Proust: Style is my religion…

Posted on January 21st, 2009 in In Search of Lost Time by benmc

Last night as we watched Inauguration wrap-up coverage, we saw Bryan Williams interview Robin Givhan, a style columnist, about Michelle Obama’s outfits yesterday. She gave a big thumbs up on the First Lady’s fashion sense.

Among all the things that people were buzzing about yesterday, the fact that the First Lady’s style was a major storyline points to the power of style.

Marcel Proust would have been proud.

Proust worships at the altar of style. I just finished “Swann’s Way” and in the closing section of “Place-Names: The Name,” the narrator has an extended reflection on the elegant women of his childhood who strolled along the paths in the Bois de Boulogne.

He remembers “the happy time of my believing youth, when I would avidly come to the places where masterpieces of feminine elegance were created for a few moments among. . . the pines and acacias of the Bois de Boulogne.” (441)

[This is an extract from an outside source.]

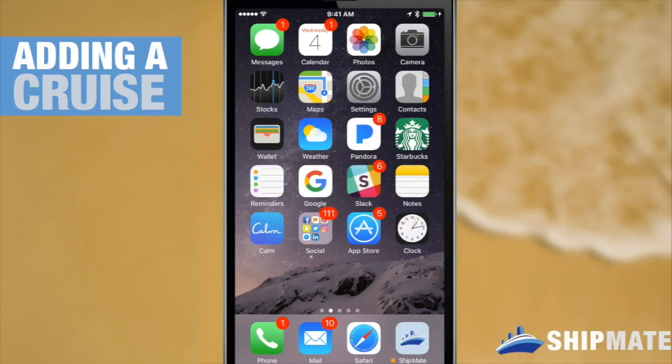In this episode we're going to learn how to save cruises. You'll be able to save your upcoming sailing or any of your past cruise itineraries into your Shipmate profile. So let's get started.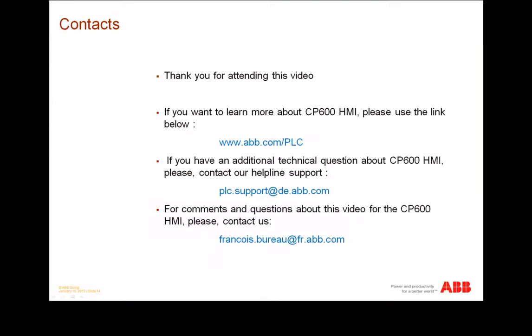Thank you for attending this video. If you want to learn more about CP600 HMI, please use the following link. If you have additional technical questions, you can contact our helpline support. For general comments and questions about this video, don't hesitate to contact us.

As Lewis Galantière writes in the introduction to my 1956 Modern Library edition, “Proust was reared in the Roman Catholic faith, but he was temperamentally and intellectually incapable of religious belief.”

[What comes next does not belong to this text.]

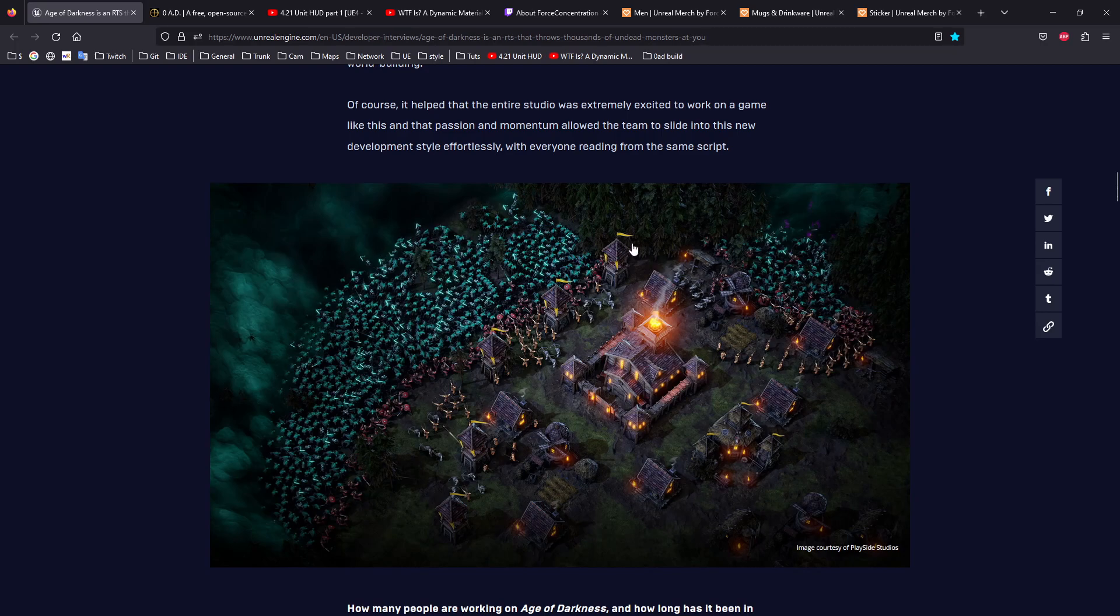Again, very interesting find, also very positive for the community because it means that RTS can work with Unreal Engine somehow.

It’s true, Proust talks a lot about churches, but not much about religious faith. “Faith,” “belief” and “unbelief” are terms related more to Proust’s esthetics – the beauty or ugliness of a thing or person – than to his ethics or metaphysics. Can you say “Sex and the City“?

Yet even this faith in fashion fades over time. By the end of the book, he laments the changing times and the loss of true elegance:

“I no longer had any belief to infuse into all these new elements of the spectacle, to give them substance, unity, life . . . . These were ordinary women, in whose elegance I had no faith and whose dresses seemed to me unimportant.” (442)

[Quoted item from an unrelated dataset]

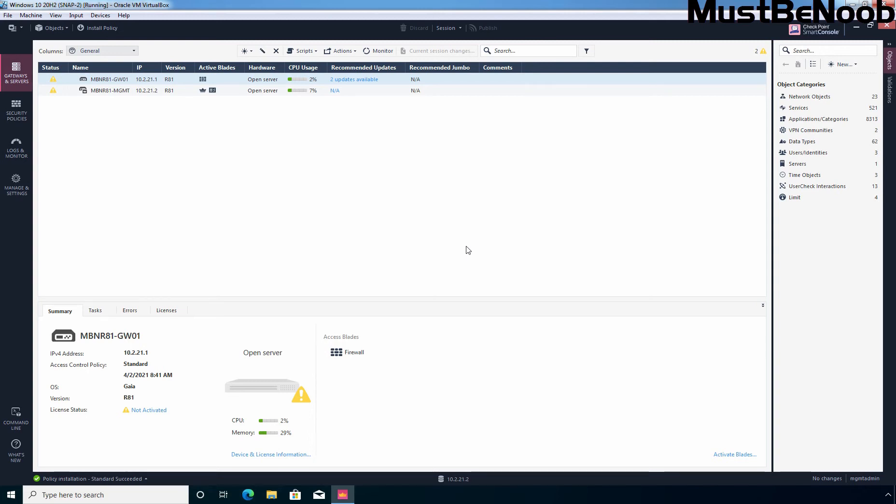Hi, this is Rian from Must Be Noob. In this lab guide, I will be enabling and configuring the Identity Awareness blade in Checkpoint Firewall R81.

At a certain point, the narrator realizes he simply doesn’t care any more. The thrill of the new is gone:

“How could anyone contemplating these horrible creatures under their hats topped with a birdcage or a vegetable patch even perceive what was so charming about the sight of Mme. Swann in a simple mauve hood or a little hat with a single, straight iris poking up from it?”

(Which makes me wonder, What would Proust have thought of Aretha Franklin’s big-bowed beauty of a hat at the inauguration?)

Even when he’s lost his belief in this substitute religion, there is still the “attachment to the old things which our belief once animated, as if it were in them and not in us that the divine resided and as if our present lack of belief had a contingent cause, the death of the Gods.”